That Stratfor analysts report a “turf war” between the CIA and JSOC also foreshadows what many see as the biggest fallout from installing a military general as head of what had been regarded as a civilian agency — the further militarization of the CIA’s mission. The fact that the general had a mistress in tow (or—if one assumes that the woman mentioned in Stratfor’s intelligence about that dinner in Yemen wasn’t Paula Broadwell—a series of mistresses) can only add to the disquiet.

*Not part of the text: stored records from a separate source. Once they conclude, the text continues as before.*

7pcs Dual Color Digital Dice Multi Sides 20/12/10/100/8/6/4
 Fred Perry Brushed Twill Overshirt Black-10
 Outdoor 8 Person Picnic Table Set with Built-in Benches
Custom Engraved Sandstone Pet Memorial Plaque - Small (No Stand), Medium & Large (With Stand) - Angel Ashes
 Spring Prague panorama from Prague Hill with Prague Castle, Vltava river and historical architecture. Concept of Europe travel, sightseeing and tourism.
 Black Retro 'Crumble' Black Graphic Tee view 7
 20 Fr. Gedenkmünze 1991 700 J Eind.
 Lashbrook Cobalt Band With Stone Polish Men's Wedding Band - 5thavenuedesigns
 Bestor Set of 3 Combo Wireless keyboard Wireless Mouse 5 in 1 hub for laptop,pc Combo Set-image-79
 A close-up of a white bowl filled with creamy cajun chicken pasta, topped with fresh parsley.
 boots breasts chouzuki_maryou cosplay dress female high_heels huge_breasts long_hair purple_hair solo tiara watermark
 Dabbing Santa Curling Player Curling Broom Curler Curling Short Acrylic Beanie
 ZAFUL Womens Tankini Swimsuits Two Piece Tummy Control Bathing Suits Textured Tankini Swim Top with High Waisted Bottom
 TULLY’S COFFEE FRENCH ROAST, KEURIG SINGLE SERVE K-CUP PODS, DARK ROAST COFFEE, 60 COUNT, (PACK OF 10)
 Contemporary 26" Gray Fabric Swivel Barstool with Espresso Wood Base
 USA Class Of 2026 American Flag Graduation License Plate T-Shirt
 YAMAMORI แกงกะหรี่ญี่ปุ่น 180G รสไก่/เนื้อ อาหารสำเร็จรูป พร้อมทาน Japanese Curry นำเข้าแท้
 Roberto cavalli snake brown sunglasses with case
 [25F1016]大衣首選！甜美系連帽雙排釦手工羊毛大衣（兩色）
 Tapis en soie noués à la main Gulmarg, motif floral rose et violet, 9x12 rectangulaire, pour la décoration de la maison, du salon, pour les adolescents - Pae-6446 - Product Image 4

It may be that Petraeus shared foreign policy secrets with Broadwell, possibly granting her unauthorized access to classified information. A speech Broadwell gave at the University of Denver near or within the time frame of the FBI investigation of her suggests she may have had inside information about the controversial response to the attacks on the US consulate and the CIA annex in Benghazi.
It is unfortunate how little interest the media has shown in Broadwell’s work as a military intelligence officer. She directed the Counterterrorism Studies Center at Tufts, which stresses advance planning and soft power over military efforts: “We’re playing chess, they’re playing poker.” Clearly, she was not just an eager young scribe falling in love with a brave commander.
Ostensibly, Petraeus was toppled for his involvement in a secret extramarital affair— which became public knowledge with the revelation of Broadwell’s reportedly threatening behavior toward socialite Jill Kelley, whom Broadwell allegedly perceived as a romantic rival.
By agreeing to Broadwell’s original request that he admit her into his life as his biographer, the ambitious general may have unwittingly allowed himself to be set up. If he did invite her along to private dinners where confidential international strategy was discussed, she presumably was quite glad to go, and may even have suggested it. Their affair thus became a sub rosa time-bomb, the fuse of which was in her control.
General David Petraeus’s headlong fall from grace cannot be dismissed as the denouement of yet another peccadillo in an unforgiving moral climate. The plot is thicker than that—perhaps as thick as the often-unnamed heart of the story: oil.